Zwei Jahre sind die gesetzliche Obergrenze
Länger als zwei Jahre darf die Erstlaufzeit eines Stromvertrags nicht festgeschrieben werden, das ergibt sich aus der Inhaltskontrolle für Allgemeine Geschäftsbedingungen nach § 309 Nr. 9 BGB. Innerhalb dieser Zeit bist du grundsätzlich gebunden, es sei denn, ein gesetzliches Sonderkündigungsrecht greift, etwa bei einer Preiserhöhung oder einem Umzug ins Liefergebiet eines anderen Anbieters.
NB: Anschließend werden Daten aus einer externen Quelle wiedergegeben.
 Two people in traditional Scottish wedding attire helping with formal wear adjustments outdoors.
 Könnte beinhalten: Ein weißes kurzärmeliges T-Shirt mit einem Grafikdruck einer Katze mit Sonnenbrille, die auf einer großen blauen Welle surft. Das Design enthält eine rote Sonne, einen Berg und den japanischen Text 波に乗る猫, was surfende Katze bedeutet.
Was seit März 2022 anders läuft
Ob sich dein Vertrag nach Ablauf der Erstlaufzeit automatisch verlängert, hängt vom Abschlussdatum ab. Bei Verträgen ab dem 1. März 2022 ist nur noch eine Verlängerung auf unbestimmte Zeit erlaubt. Eine erneute feste Bindung, etwa für ein weiteres Jahr, darf dir dein Anbieter nur noch anbieten, wenn du ausdrücklich zustimmst, nicht mehr über eine stillschweigende Klausel in den AGB. Hast du deinen Vertrag vor diesem Stichtag abgeschlossen, kann noch die alte Regel gelten, nach der sich der Vertrag automatisch um bis zu zwölf Monate verlängert, wenn du nicht rechtzeitig kündigst.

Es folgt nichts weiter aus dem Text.